**Exercise instructions:**
The lines to retype run from the one containing "CE E27 Металлическая" through the end of the listing below. Reproduce them exactly, leaving out pictures.

**Supplied records:**
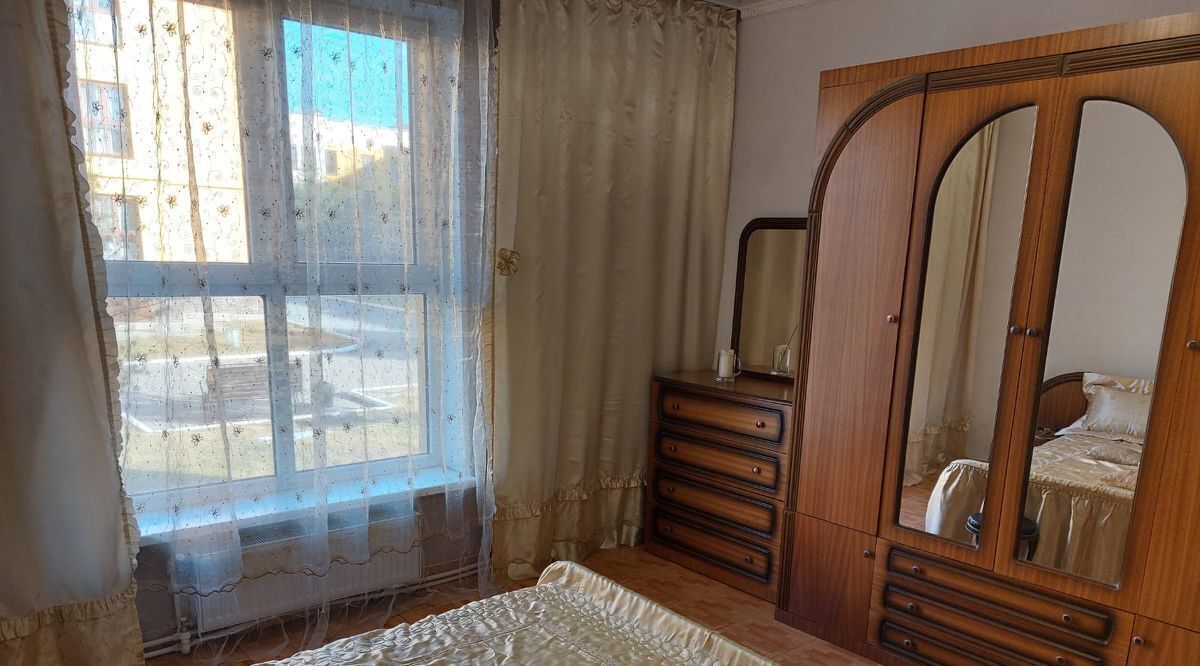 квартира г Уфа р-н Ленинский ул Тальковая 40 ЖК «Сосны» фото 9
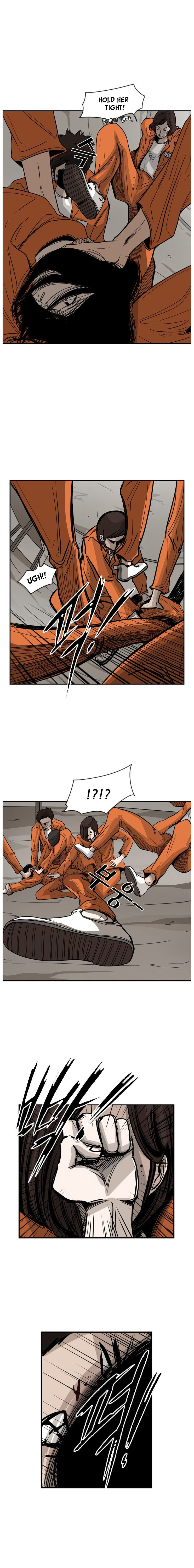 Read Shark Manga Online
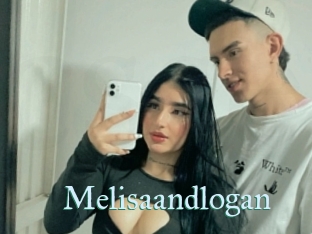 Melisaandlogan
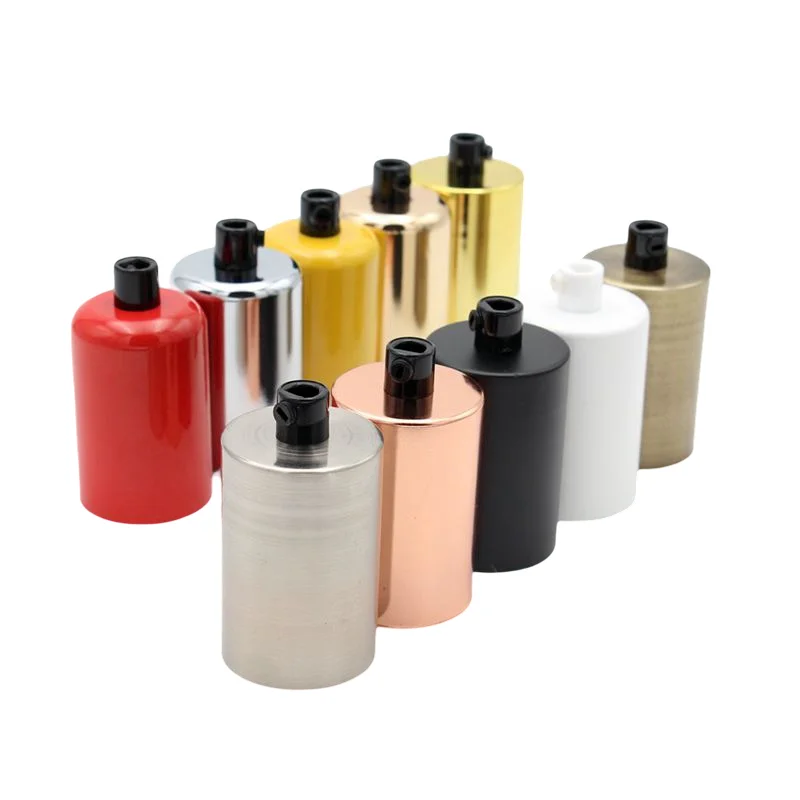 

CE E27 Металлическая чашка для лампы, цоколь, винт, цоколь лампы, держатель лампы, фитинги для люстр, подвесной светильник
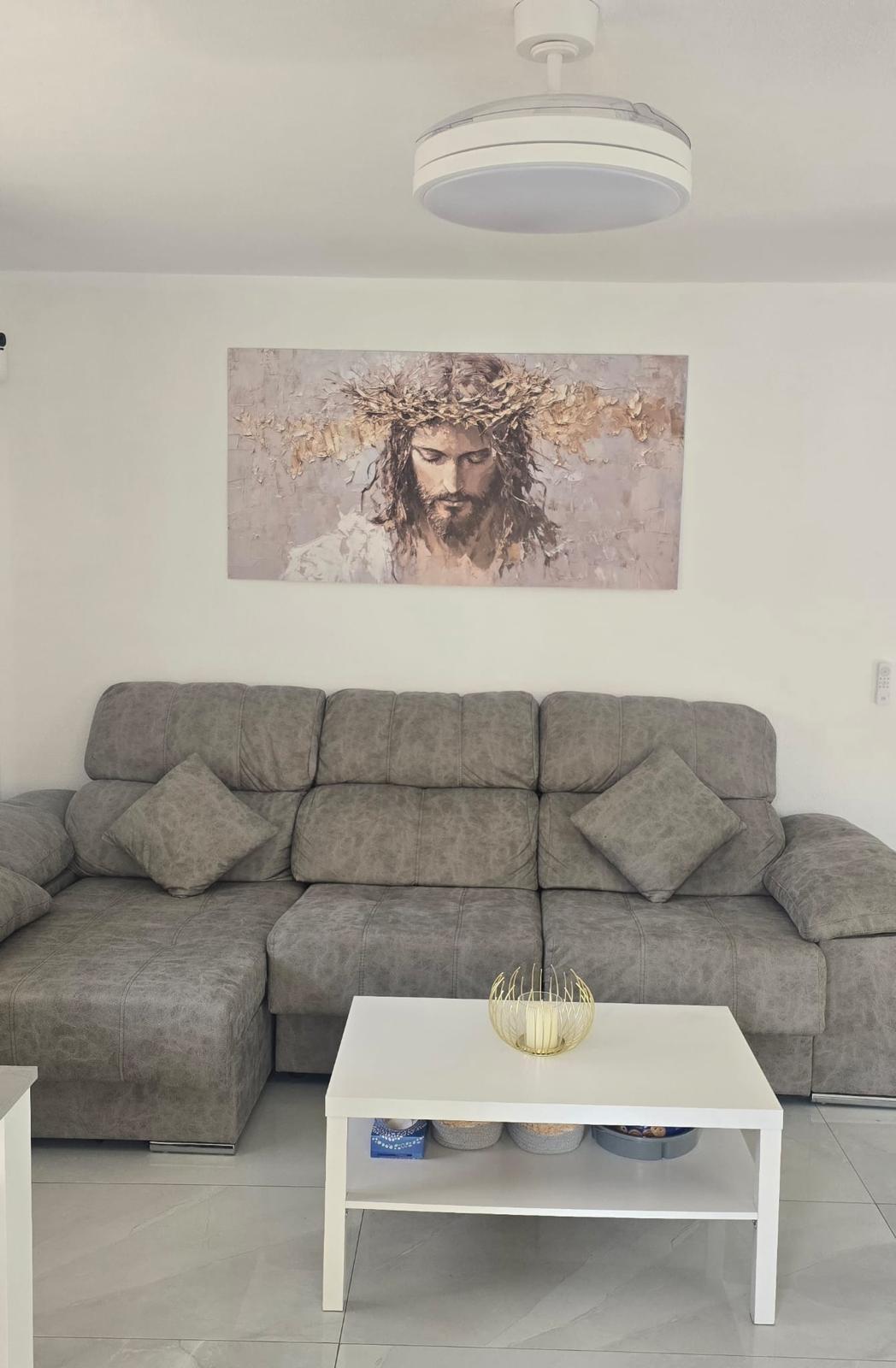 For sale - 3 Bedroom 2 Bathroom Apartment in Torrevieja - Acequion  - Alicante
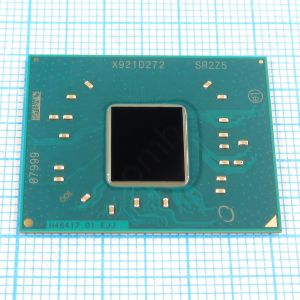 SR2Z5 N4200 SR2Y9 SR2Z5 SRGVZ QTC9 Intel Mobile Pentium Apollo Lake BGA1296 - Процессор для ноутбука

**Solution:**
CE E27 Металлическая чашка для лампы, цоколь, винт, цоколь лампы, держатель лампы, фитинги для люстр, подвесной светильник
 For sale - 3 Bedroom 2 Bathroom Apartment in Torrevieja - Acequion  - Alicante
 SR2Z5 N4200 SR2Y9 SR2Z5 SRGVZ QTC9 Intel Mobile Pentium Apollo Lake BGA1296 - Процессор для ноутбука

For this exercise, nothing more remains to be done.